Krsna Avila, a graduate of UC Davis and Cornell University Law School, is a fellow at the Immigrant Legal Resource Center. Krsna was part of Immigrants Rising’s Ambassador Program in 2008, led the Legal Services Program from 2010 to 2014, and now serves on the Leadership Council.
How did you get involved with our organization?
I applied for and won a scholarship that required me to do a project about undocumented issues. This was in 2008, and I wanted to educate my peers and everyone at my school, UC Davis, about what it means to be undocumented. We had a huge turnout. This was before a lot of people were open and willing to discuss their immigration status publicly. I remember the thrill of finally having the courage to let my peers at UC Davis know that I was undocumented.
After you graduated, you started volunteering at for our organization and helped formalize what is now our Dreamer Intake Service. How did that experience unfold?
We started working with volunteer attorneys. We used google spreadsheets, and we would have this really basic intake form, and then we would send it to the volunteer attorneys. Then we decided to train undocumented individuals who were interested in going to law school to do this kind of work, with a staff attorney, and it just grew from there.

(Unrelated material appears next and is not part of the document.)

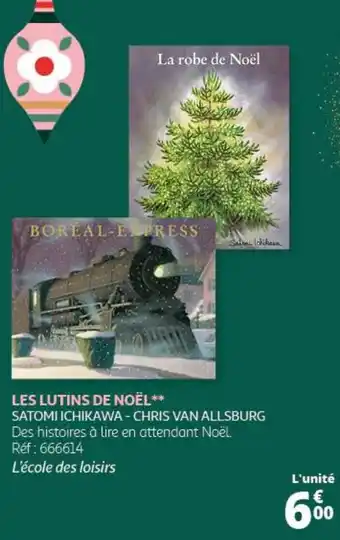 Auchan LES LUTINS DE NOËL offre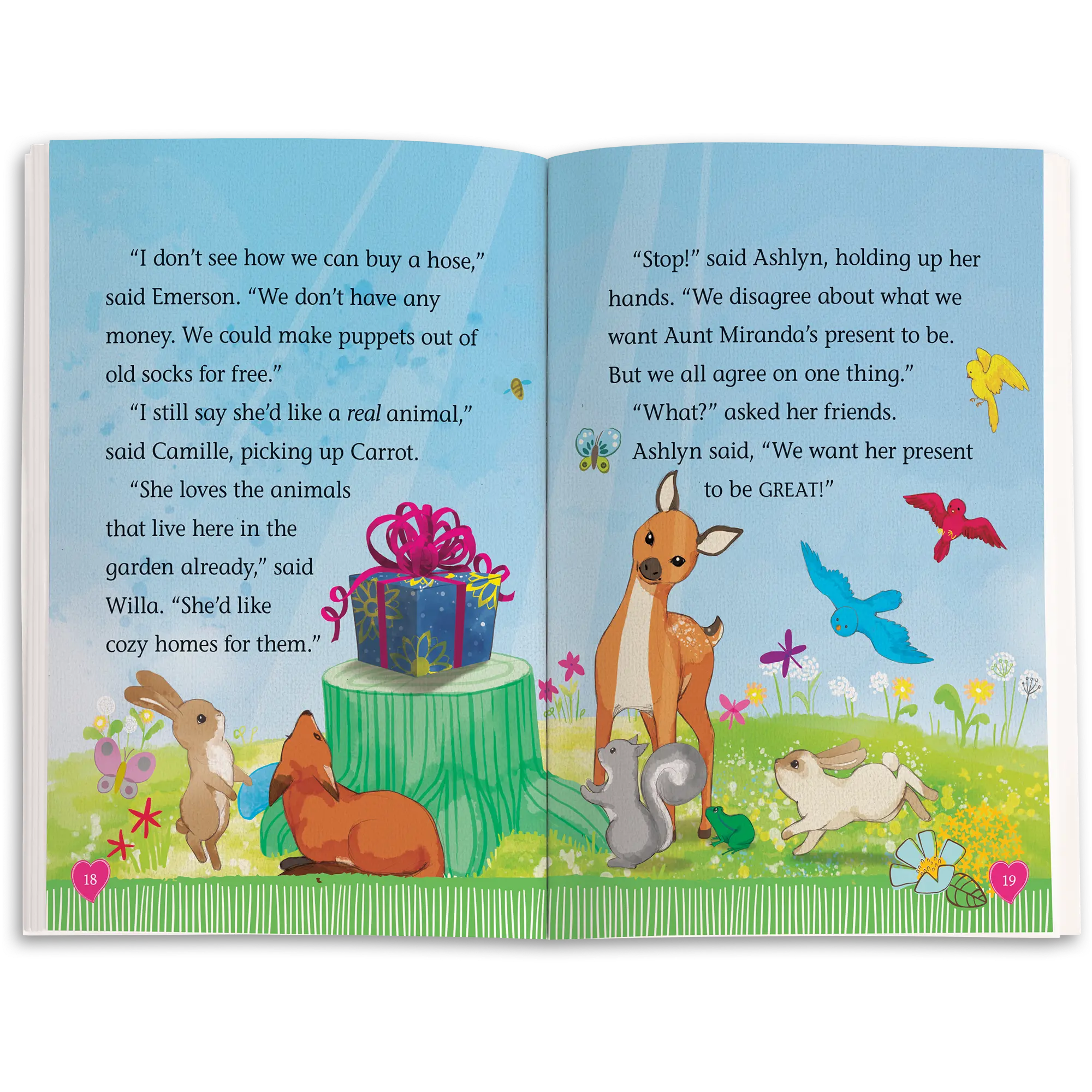 Kendall Doll, Book & Magical Llamacorn Accessories - Image 10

Throughout that process, I was also gaining a lot of knowledge of immigration law, because I had to in order to do that work. One day I found out that I had an argument to get my own Green Card. It was a complicated case, but I ended up getting it. After that I was finally able to apply to law school, and that was that.
If it wasn’t for E4FC [Educators for Fair Consideration, now known as Immigrants Rising] I don’t think I would have been able get a Green Card as well as gain all of these professional skills. When I started, I had no skills whatsoever, and I was pretty much in charge of running a program. I had to learn how to network, fundraise, make strategic decisions, everything.
What is most important as we continue to advance immigrant rights?
E4FC has always been a risk taker. They know people can still succeed in their education and careers, despite all the negative policies around us.
I think right now it is really important that we’re focusing on the careers of undocumented young people, and how they can make a living right now without needing to rely on DACA. People need to know that they can still earn a living. Being a risk taker has been really helpful in an era where it seems like we’re just being attacked all the time.